Debbie Holmes: So what are they teaching you? You served in the Columbus Police Force for 28-and-a-half years.

Dallas Baldwin: Yes. It's a variety. It goes everything from EEO ethics training, to budget, to just management, meeting all of the other current sheriffs. It's a variety of training, very very good.

Debbie Holmes: What do you think that you've learned that maybe, you know, you forgot or didn't quite focus on as much before?

Dallas Baldwin: Well, obviously budget is huge. And Columbus, I dealt some with the budget but not at this magnitude. Franklin County sheriff's office has a very large budget, and encompasses much, much more than I had in the police department.

Debbie Holmes: And you will have to be talking with the Franklin County Commissioners about your budget.

Dallas Baldwin: We have already.

Debbie Holmes: Part of what you'd like to do is improve the relationship between yourself, the sheriff, and the Franklin County Commissioners?

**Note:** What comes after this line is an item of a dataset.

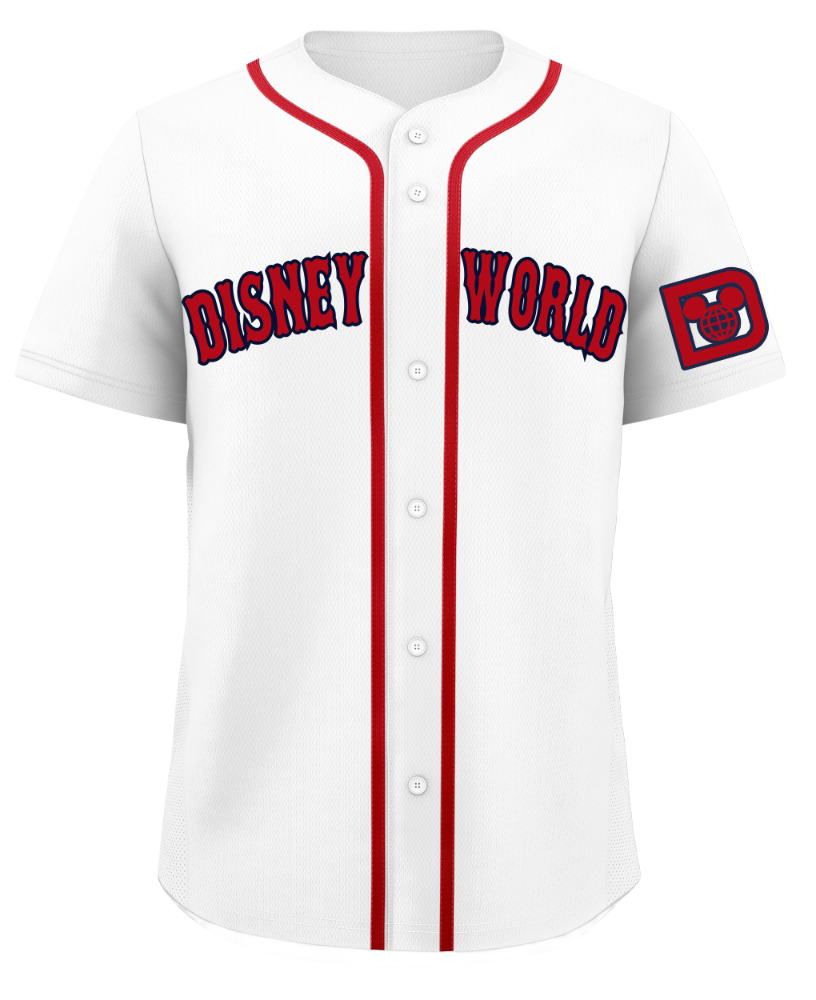 Disney World (Red Sox Style) Embroidered Baseball Jersey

Dallas Baldwin: Yes I would. Past several years, it seems like that relationship may have gone downhill or corroded, and I made it a mission of mine to kind of mend that relationship. And I have met with the commissioners numerous times, had many meetings, and I think we're on the right path.

Debbie Holmes: What will be your priorities then, overall?

Dallas Baldwin: Well, number one, we formed a transition team and we looked at the organization. The men and women there have done a tremendous job and it's well organized, but it looked like it needed some change. And the reason for that is to better address issues and concerns in the community. And I really want to focus on community issues.

Debbie Holmes: What are those community issues?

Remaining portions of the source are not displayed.